Written by Ksenia Rundin

South African visual activist Zaneli Muholi has turned Stockholm’s frosty Friday morning into a subtropical celebration of self-reflection and contemporary identity politics. Her solo exhibition “Somnyama Ngonyama” (Hail, the Dark Lioness) invites us into the hard everyday life of LBTQI-world of the Republic of South Africa and narrates their story through her personal experiences expressed in a myriad of reality-embellished and self-speaking black-and-white photographs. Tyres, torn plastic bag, clothes pegs, metal sponge, a vacuum cleaner hose and, all of a sudden, a Japanese kimono - every item, besides creating an aesthetic aura for the beholder’s eyes, bears a deep and significant reference to the past and challenges the future. Using all these attributes, Zaneli Muholi claims the right to her own body without waiting for someone to validate her existence.

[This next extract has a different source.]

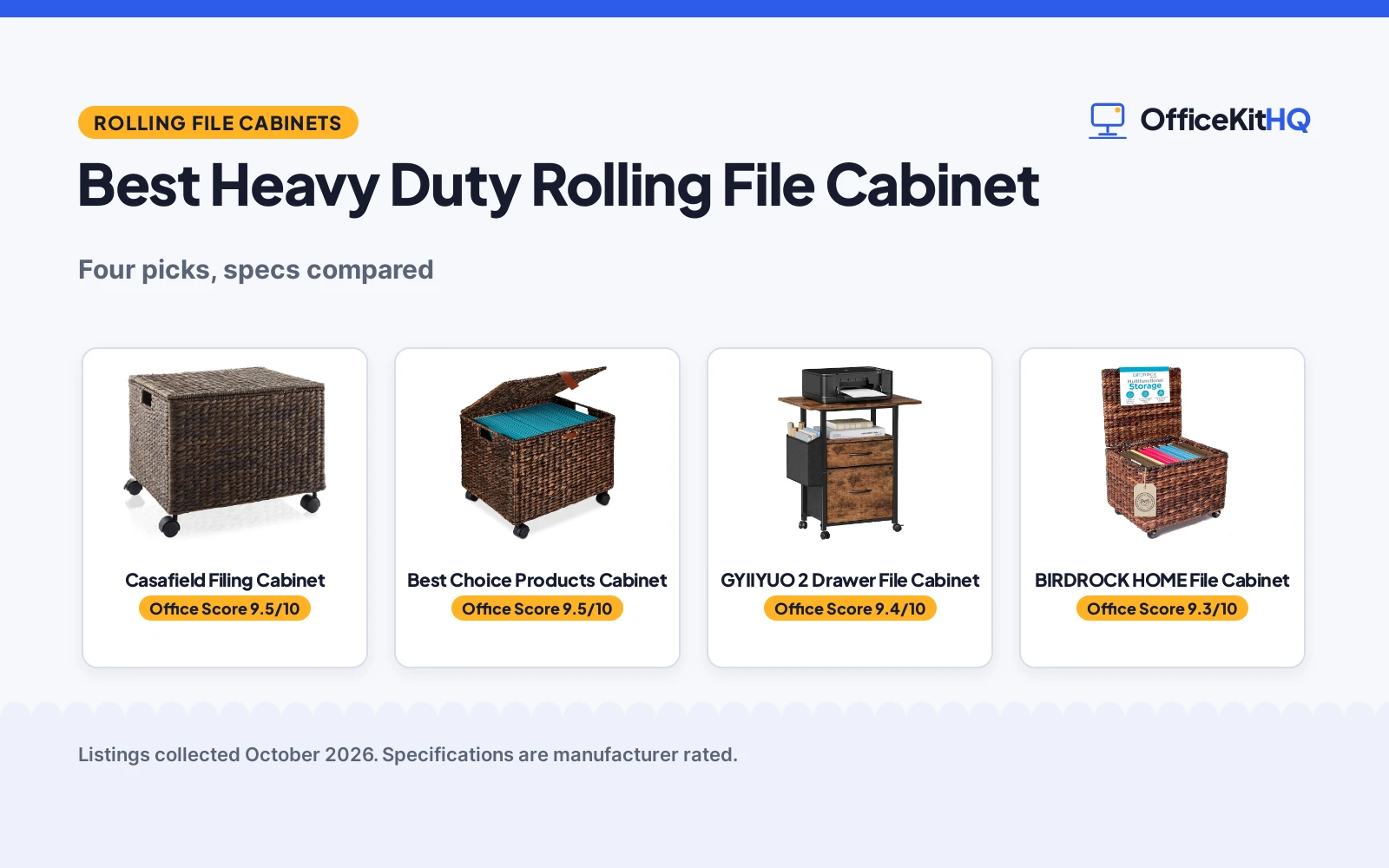 Best Heavy Duty Rolling File Cabinet (2026): 4 Storage Picks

By turning the camera towards herself, she creates a conversation filled with a deep emotional cascade and a long camp for freedom of individuality and freedom of love. Meanwhile, she also creates an expressive intimacy based on a cultural context and wrapped into a complex notions of sustainable beauty and desire. The photographer draws attention to urgent environmental issues, sexual politics and violence by creating strong emotional ties confiding her personal trauma to the camera lens. She establishes her own artistic language, dancing as a robe-walker between classical portraiture, fashion photography and ethnographic imagery, letting the dark lioness become the focal point of the moment eternalised.